I was listening to a debate on BBC Radio 4 about the UK’s view of the future which involves using a Victorian concept, the railway, to deliver our 21st-century prosperity. It’s called High Speed 2 (HS2).
This morning I ended up lost for words.
I had to explain manual multiplication to all the sub-30-year-olds at Pentacle who've only ever known digital
Yesterday I had just been finishing off the latest book from Terry Pratchett, Raising Steam, where on his fictional Discworld the steam engine was doing to that world what the internet is doing to ours today – opening up connections and possibilities. As an author who uses fiction to try to teach real-world business lessons, I love the way Pratchett weaves reality and unreality together to help you see the present in a different way. In Pratchett's Discworld they already have the telegraph, or 'clacks' as they are known, which allow 1:1 transfer of information. The addition of the steam engine allows 1:1 movement of people and goods, and like most communications systems enriches the people who ‘journey’ on the 'communication system’ and the people at both terminuses (and any intermediate stops). In the fiction, the engineering genius Dick Simnel explains how to tame steam using sines, cosines and his “sliding rule”.
So the reason I laughed out loud today was that in the debate today, as the discussion on whether or not it made sense to construct this massive project moved to cost-benefit ratios, the person arguing for the construction, a former government minister, insisted that “The guys with slide rules, they don't know!”. Slide rules! Slide rules! It was like hearing the name of a long-lost friend or a historical mythical creature that you remember from story books of your child hood. As I have said before, "we spend most of our time responding and planning and thinking rationally in response to a world we recognise and understand but which no longer exists ...".

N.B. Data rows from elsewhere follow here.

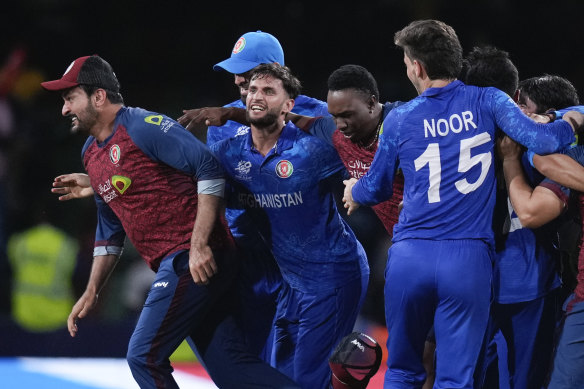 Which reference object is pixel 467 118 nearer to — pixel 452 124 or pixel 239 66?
pixel 452 124

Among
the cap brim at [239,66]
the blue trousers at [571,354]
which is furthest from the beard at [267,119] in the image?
the blue trousers at [571,354]

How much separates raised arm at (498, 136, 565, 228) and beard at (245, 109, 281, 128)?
138cm

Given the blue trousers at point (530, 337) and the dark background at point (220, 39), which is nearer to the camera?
the blue trousers at point (530, 337)

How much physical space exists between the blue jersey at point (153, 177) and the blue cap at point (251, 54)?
968mm

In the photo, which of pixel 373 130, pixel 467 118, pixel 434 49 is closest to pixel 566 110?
pixel 467 118

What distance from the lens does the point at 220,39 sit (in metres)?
12.5

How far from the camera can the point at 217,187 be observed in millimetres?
4590

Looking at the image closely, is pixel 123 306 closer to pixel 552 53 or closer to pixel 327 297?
pixel 327 297

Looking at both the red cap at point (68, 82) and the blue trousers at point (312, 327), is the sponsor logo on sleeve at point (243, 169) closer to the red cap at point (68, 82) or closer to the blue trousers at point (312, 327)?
the blue trousers at point (312, 327)

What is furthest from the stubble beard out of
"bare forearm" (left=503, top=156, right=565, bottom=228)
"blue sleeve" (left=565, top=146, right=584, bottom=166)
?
"blue sleeve" (left=565, top=146, right=584, bottom=166)

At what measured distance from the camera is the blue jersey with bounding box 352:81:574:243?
390 centimetres

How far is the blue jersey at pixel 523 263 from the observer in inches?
170

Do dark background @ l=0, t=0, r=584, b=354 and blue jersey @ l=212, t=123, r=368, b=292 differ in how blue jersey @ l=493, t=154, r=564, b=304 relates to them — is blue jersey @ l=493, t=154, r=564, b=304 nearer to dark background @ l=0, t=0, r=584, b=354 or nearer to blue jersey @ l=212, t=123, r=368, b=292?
blue jersey @ l=212, t=123, r=368, b=292

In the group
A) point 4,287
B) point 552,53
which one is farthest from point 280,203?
point 552,53
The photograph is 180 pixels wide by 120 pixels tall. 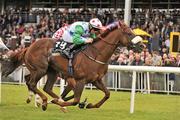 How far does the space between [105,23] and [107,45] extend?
15803 millimetres

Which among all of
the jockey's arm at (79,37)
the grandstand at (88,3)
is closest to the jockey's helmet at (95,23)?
the jockey's arm at (79,37)

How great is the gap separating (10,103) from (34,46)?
216 cm

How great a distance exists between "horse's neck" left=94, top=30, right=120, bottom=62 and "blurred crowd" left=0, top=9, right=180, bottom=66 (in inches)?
305

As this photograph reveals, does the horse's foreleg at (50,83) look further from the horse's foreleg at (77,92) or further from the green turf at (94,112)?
the horse's foreleg at (77,92)

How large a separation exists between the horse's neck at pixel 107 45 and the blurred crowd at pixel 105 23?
305 inches

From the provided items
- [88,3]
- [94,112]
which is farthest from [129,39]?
[88,3]

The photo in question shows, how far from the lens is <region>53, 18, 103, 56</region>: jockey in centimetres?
994

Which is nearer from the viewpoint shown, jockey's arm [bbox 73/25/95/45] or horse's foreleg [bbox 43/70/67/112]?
jockey's arm [bbox 73/25/95/45]

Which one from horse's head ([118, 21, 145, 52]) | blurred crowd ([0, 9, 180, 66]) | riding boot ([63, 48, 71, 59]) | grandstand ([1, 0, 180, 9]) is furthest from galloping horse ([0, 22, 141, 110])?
grandstand ([1, 0, 180, 9])

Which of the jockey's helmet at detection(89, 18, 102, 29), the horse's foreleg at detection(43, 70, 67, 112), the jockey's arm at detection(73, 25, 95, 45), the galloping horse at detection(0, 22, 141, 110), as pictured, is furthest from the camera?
the horse's foreleg at detection(43, 70, 67, 112)

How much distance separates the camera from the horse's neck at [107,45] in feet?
32.1

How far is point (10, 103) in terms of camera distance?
40.9ft

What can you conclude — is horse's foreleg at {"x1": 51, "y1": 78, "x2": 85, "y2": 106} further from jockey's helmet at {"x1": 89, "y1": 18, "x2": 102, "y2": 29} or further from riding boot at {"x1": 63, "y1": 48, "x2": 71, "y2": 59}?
jockey's helmet at {"x1": 89, "y1": 18, "x2": 102, "y2": 29}

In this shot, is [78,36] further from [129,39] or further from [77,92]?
[77,92] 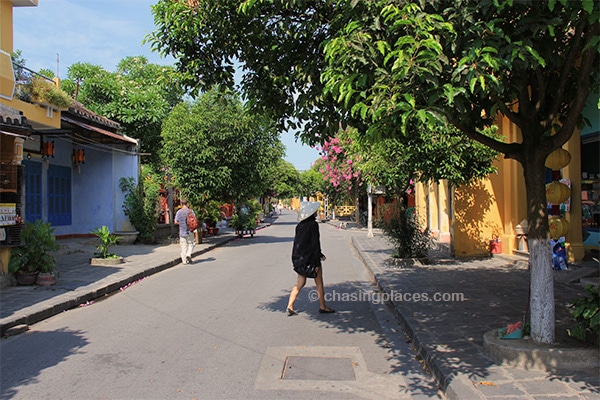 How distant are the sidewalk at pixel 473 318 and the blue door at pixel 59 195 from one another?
36.1 feet

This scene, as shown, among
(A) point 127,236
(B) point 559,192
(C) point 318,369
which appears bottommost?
(C) point 318,369

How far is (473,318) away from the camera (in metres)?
6.70

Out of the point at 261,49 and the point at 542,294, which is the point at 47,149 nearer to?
the point at 261,49

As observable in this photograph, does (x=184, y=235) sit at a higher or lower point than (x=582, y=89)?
lower

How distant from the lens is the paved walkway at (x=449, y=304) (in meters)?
4.29

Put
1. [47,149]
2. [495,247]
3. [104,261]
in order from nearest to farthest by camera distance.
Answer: [104,261]
[495,247]
[47,149]

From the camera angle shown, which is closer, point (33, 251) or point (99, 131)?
point (33, 251)

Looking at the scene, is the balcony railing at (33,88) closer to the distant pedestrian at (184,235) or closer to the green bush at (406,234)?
the distant pedestrian at (184,235)

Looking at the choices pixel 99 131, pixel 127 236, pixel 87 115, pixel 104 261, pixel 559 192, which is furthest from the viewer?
pixel 127 236

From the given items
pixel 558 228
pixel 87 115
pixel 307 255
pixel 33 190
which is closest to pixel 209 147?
pixel 87 115

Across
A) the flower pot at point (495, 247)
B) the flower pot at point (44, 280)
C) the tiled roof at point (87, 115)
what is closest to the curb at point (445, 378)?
the flower pot at point (44, 280)

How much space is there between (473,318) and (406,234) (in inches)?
235

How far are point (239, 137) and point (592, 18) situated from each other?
55.3 ft

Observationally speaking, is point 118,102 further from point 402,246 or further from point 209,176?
point 402,246
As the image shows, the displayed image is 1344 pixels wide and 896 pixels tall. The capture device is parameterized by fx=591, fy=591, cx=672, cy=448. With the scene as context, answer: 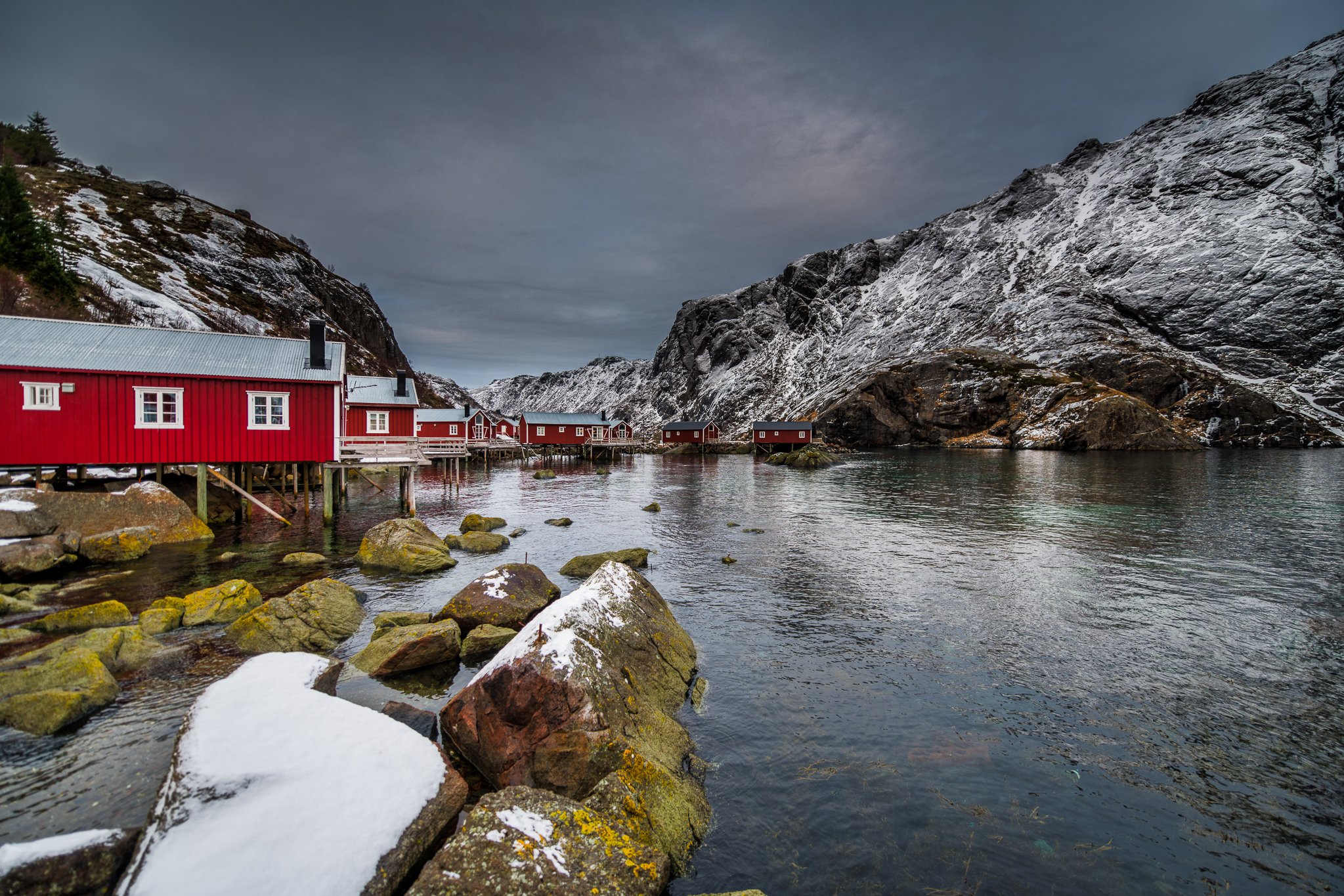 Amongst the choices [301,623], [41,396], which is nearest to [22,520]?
[41,396]

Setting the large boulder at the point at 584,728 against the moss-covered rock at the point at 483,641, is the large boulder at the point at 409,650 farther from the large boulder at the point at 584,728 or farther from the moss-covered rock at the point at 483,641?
the large boulder at the point at 584,728

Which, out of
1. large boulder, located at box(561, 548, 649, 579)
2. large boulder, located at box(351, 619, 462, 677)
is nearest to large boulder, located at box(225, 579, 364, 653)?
large boulder, located at box(351, 619, 462, 677)

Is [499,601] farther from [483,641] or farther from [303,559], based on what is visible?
[303,559]

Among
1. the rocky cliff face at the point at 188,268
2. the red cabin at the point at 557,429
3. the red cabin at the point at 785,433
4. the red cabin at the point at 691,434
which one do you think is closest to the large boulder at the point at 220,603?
the rocky cliff face at the point at 188,268

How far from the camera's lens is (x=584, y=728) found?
7.76 m

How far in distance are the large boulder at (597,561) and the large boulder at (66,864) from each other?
14.2m

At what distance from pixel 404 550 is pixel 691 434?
357 feet

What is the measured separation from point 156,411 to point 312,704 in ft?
87.7

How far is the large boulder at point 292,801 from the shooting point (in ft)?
16.9

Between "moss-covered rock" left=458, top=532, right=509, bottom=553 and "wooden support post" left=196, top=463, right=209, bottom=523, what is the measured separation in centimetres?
1221

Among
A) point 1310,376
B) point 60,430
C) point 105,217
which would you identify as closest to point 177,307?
point 105,217

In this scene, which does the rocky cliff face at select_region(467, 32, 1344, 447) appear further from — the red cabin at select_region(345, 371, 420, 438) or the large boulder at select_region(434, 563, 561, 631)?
the large boulder at select_region(434, 563, 561, 631)

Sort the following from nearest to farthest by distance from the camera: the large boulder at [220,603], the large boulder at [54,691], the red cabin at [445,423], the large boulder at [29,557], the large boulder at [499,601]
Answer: the large boulder at [54,691], the large boulder at [499,601], the large boulder at [220,603], the large boulder at [29,557], the red cabin at [445,423]

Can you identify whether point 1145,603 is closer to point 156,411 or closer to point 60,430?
point 156,411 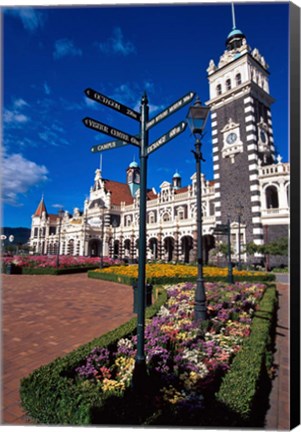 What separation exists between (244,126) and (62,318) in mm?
25803

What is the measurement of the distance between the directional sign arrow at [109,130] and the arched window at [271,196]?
2497 cm

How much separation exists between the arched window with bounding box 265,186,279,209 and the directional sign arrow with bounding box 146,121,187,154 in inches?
983

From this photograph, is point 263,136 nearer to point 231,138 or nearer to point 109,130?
point 231,138

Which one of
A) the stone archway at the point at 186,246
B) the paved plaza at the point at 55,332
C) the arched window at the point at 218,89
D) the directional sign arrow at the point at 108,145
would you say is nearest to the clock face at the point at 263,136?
the arched window at the point at 218,89

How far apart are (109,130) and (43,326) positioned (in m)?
5.35

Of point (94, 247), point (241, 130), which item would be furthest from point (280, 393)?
point (94, 247)

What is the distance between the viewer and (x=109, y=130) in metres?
3.48

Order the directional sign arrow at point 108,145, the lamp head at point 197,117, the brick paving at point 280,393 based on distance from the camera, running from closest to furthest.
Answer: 1. the brick paving at point 280,393
2. the directional sign arrow at point 108,145
3. the lamp head at point 197,117

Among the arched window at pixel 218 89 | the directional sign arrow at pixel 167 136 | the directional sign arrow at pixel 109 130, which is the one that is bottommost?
the directional sign arrow at pixel 167 136

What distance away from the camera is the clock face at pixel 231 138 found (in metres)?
27.1

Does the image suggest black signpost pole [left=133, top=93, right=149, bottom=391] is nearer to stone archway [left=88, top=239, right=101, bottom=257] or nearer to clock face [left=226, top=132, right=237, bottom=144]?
clock face [left=226, top=132, right=237, bottom=144]

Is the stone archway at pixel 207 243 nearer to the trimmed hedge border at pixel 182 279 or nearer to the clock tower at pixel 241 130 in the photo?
the clock tower at pixel 241 130

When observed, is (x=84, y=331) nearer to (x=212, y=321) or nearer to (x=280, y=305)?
(x=212, y=321)

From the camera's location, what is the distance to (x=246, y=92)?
26484mm
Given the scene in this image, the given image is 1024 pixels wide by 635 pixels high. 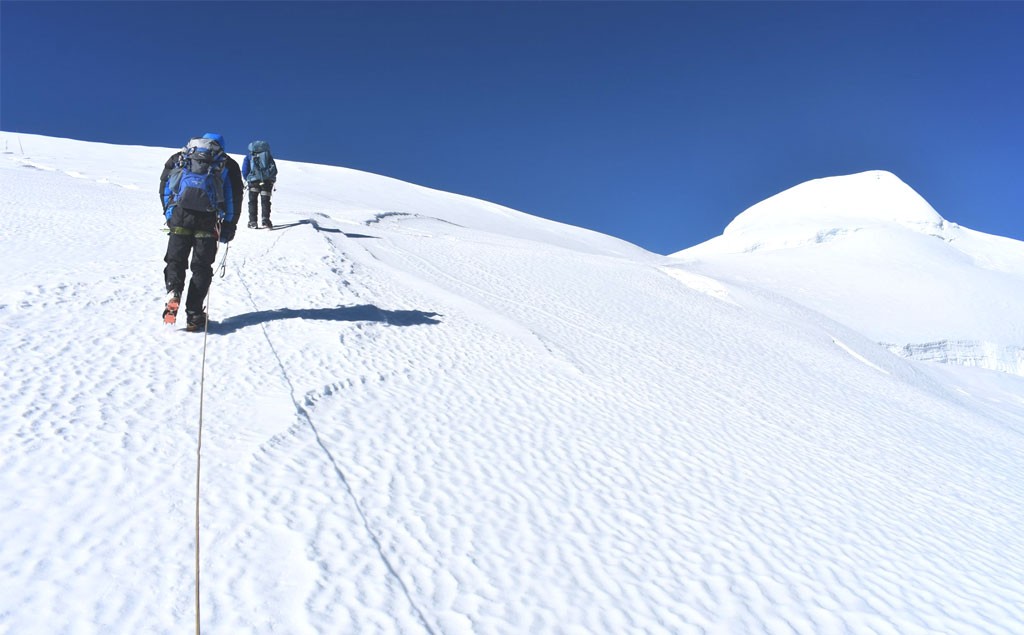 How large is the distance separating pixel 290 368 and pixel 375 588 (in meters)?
2.14

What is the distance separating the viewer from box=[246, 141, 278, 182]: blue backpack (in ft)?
30.6

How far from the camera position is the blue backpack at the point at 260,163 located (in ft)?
30.6

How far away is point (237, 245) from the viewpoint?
24.9 feet

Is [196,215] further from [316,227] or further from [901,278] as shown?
[901,278]

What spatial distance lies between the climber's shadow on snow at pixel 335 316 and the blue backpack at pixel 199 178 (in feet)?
2.90

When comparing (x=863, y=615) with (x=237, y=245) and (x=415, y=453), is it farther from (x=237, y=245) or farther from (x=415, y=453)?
(x=237, y=245)

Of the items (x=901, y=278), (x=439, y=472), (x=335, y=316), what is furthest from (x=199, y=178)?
(x=901, y=278)

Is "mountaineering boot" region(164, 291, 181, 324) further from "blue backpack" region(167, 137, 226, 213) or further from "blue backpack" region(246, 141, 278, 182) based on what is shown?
"blue backpack" region(246, 141, 278, 182)

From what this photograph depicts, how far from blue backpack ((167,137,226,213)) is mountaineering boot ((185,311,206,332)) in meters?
0.81

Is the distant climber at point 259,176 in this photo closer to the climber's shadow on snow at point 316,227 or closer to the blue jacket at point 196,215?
the climber's shadow on snow at point 316,227

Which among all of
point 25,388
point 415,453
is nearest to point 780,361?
point 415,453

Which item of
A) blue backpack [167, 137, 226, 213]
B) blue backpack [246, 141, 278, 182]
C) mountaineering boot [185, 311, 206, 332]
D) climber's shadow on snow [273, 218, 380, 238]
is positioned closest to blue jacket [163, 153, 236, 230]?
blue backpack [167, 137, 226, 213]

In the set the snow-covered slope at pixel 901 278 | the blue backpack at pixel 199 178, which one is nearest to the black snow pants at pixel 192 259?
the blue backpack at pixel 199 178

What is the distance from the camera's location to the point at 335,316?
17.3ft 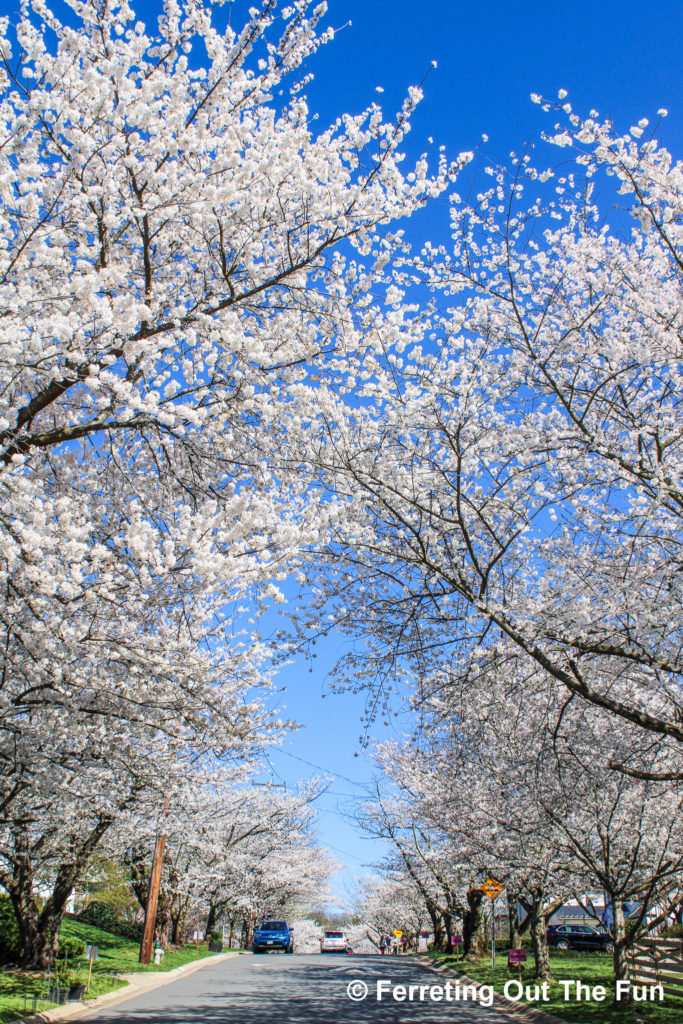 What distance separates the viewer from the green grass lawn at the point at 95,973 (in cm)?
998

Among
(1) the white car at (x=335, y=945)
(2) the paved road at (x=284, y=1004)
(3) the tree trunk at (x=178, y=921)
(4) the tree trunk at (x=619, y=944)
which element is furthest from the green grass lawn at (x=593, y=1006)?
(1) the white car at (x=335, y=945)

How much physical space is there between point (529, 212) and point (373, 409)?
2.47 meters

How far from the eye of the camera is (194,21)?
19.4 ft

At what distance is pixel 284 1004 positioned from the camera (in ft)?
41.0

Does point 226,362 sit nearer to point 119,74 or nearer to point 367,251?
point 367,251

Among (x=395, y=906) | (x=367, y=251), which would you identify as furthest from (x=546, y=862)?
(x=395, y=906)

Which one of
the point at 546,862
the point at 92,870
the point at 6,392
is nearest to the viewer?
the point at 6,392

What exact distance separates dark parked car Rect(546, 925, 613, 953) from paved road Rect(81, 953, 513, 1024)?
20175 millimetres

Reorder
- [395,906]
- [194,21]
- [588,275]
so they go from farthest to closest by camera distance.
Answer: [395,906]
[588,275]
[194,21]

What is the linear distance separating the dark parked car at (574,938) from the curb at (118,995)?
74.2ft

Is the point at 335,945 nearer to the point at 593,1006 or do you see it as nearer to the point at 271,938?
the point at 271,938

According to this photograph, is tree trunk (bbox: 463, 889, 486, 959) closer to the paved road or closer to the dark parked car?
the paved road

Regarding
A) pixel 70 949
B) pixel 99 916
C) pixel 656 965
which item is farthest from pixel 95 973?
pixel 99 916

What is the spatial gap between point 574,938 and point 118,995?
31.3 meters
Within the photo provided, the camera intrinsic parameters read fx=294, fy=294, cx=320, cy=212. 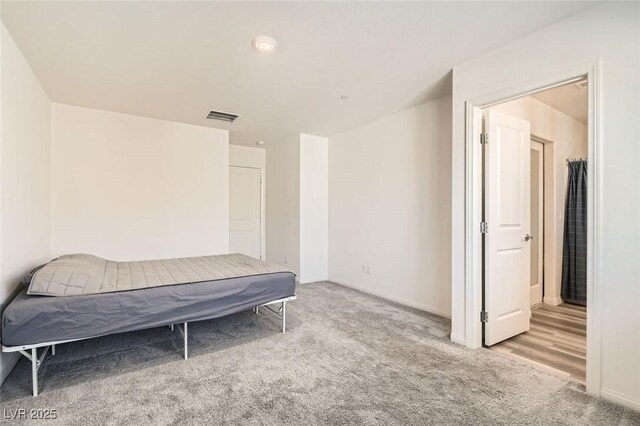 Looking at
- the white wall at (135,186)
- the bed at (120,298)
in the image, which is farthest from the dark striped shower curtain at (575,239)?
the white wall at (135,186)

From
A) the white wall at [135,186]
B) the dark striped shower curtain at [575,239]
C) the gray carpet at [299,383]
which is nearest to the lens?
the gray carpet at [299,383]

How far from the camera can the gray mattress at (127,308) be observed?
187cm

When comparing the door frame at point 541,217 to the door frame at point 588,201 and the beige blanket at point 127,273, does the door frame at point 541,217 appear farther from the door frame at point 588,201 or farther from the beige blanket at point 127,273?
the beige blanket at point 127,273

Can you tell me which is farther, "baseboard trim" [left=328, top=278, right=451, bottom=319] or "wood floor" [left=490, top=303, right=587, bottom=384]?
"baseboard trim" [left=328, top=278, right=451, bottom=319]

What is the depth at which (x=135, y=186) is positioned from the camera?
3977mm

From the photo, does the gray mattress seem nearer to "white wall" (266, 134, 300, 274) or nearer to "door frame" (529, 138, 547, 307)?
"white wall" (266, 134, 300, 274)

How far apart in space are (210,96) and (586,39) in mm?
3294

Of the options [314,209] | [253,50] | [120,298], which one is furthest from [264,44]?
[314,209]

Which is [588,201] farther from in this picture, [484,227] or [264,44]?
[264,44]

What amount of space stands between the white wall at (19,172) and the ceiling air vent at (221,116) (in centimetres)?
168

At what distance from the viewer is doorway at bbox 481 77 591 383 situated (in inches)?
104

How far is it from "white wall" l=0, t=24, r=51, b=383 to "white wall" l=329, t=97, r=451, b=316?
376cm

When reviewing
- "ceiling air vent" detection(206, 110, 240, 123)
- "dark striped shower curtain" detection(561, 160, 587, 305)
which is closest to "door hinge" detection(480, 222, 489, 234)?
"dark striped shower curtain" detection(561, 160, 587, 305)

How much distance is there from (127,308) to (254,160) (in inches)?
162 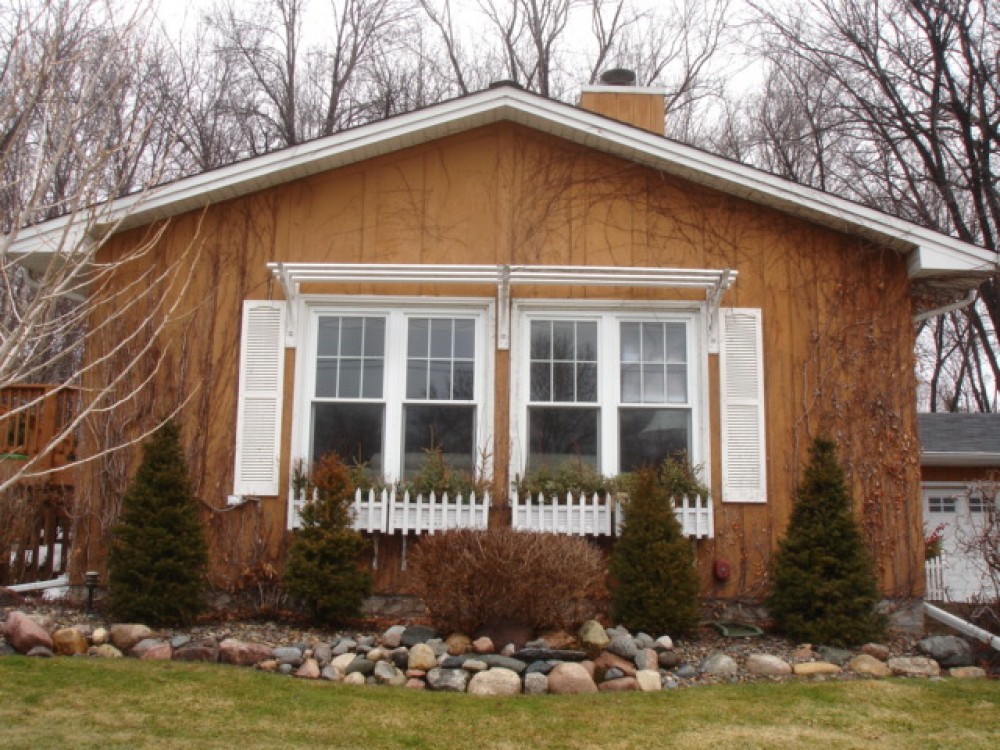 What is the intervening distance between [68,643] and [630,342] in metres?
5.01

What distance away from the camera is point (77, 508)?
849 cm

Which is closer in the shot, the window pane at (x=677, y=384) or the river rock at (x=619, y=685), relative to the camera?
the river rock at (x=619, y=685)

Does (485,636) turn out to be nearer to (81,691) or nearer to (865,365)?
(81,691)

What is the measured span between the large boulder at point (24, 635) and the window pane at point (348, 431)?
259 centimetres

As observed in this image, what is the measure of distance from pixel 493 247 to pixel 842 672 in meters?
4.42

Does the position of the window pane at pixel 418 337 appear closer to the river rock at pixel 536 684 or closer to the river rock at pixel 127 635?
the river rock at pixel 127 635

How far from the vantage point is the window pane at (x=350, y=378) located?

And when I Googled and tried to explain how a slide rule worked to my younger colleagues in the office there was a look of disbelief. The only connection for them was one who recalled a toy they'd had called Consul the Educated Monkey, which they vaguely remembered from childhood (misremembered as Constance). Consul who was in fact a slide rule. The technical equivalent of a Large Hadron Collider-type cutting edge technology tool had been reduced to a plaything.
I don’t know what the arguments for building this railway are in detail, but I have to conclude that anyone who refers to slide rules in our World After Midnight probably shouldn’t be listened to too closely.